In this paper, we explore the mutual benefit that the integration of IE and KDD for text mining can
provide.
Traditional data mining assumes that the information to be “mined” is already in the form of a
relational database. Unfortunately, for many applications, electronic information is only available
in the form of free natural-language documents rather than structured databases. Since IE addresses
the problem of transforming a corpus of textual documents into a more structured database, the
database constructed by an IE module can be provided to the KDD module for further mining of
knowledge as illustrated in Figure 1. Information extraction can play an obvious role in text mining
as illustrated.
Background: Text Mining and Information Extraction
“Text mining” is used to describe the application of data mining techniques to automated discovery
of useful or interesting knowledge from unstructured text [20]. Several techniques have been
proposed for text mining including conceptual structure, association rule mining, episode rule mining,
decision trees, and rule induction methods. In addition, Information Retrieval (IR) techniques
have widely used the “bag-of-words” model [2] for tasks such as document matching, ranking, and
clustering.
The related task of information extraction aims to find specific data in natural-language text.
DARPA’s Message Understanding Conferences (MUC) have concentrated on IE by evaluating the
performance of participating IE systems based on blind test sets of text documents [13]. The
data to be extracted is typically given by a template which specifies a list of slots to be filled with
substrings taken from the document. Figure 2 shows a (shortened) document and its filled template
for an information extraction task in the job-posting domain. This template includes slots that are
filled by strings taken directly from the document.

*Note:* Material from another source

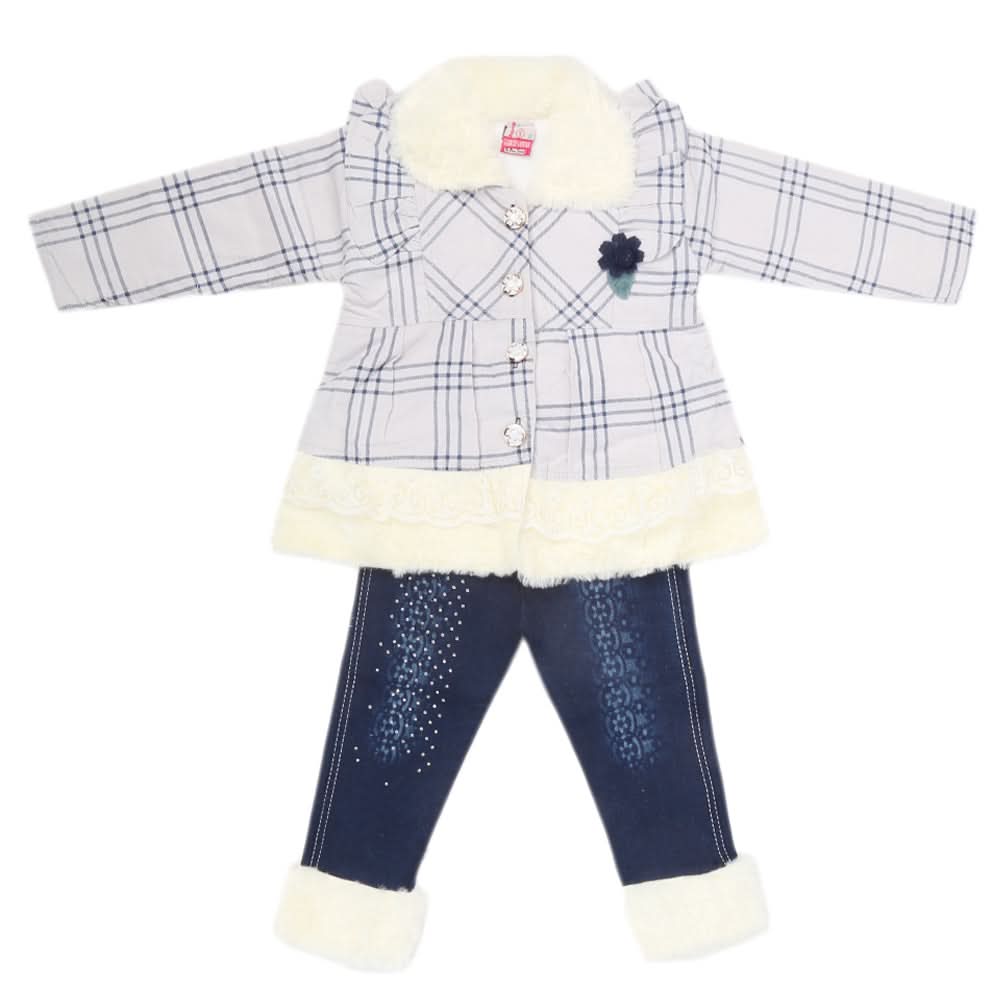 Girls Full Sleeves Pant Suit - Grey, Kids, Girls Sets And Suits, Chase Value, Chase Value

Several slots may have multiple fillers for the
job-posting domain as in programming languages, platforms, applications, and
areas.
We have developed machine learning techniques to automatically construct information extractors
for job postings, such as those listed in the USENET newsgroup misc.jobs.offered
[6]. By extracting information from a corpus of such textual job postings, a structured, searchable
database of jobs can be automatically constructed; thus making the data in online text more
easily accessible. IE has been shown to be useful in a variety of other applications, e.g. seminar
announcements, restaurant guides, university web pages, apartment rental ads, and news articles
on corporate acquisitions [5, 9, 23].
Integrating Data Mining and Information Extraction
In this section, we discuss the details of our proposed text mining framework, DISCOTEX (Discovery
from Text EXtraction). We consider the task of first constructing a database by applying a
learned information-extraction system to a corpus of natural-language documents. Then, we apply
standard data-mining techniques to the extracted data, discovering knowledge that can be used for
many tasks, including improving the accuracy of information extraction.
The DISCOTEX System
In the proposed framework for text mining, IE plays an important role by preprocessing a corpus
of text documents in order to pass extracted items to the data mining module. In our implementations,
we used two state-of-the-art systems for learning information extractors, RAPIER (Robust
Automated Production of Information Extraction Rules) [6] and BWI (Boosted Wrapper Induction)
[15]. By training on a corpus of documents annotated with their filled templates, they acquire
a knowledge base of extraction rules that can be tested on novel documents.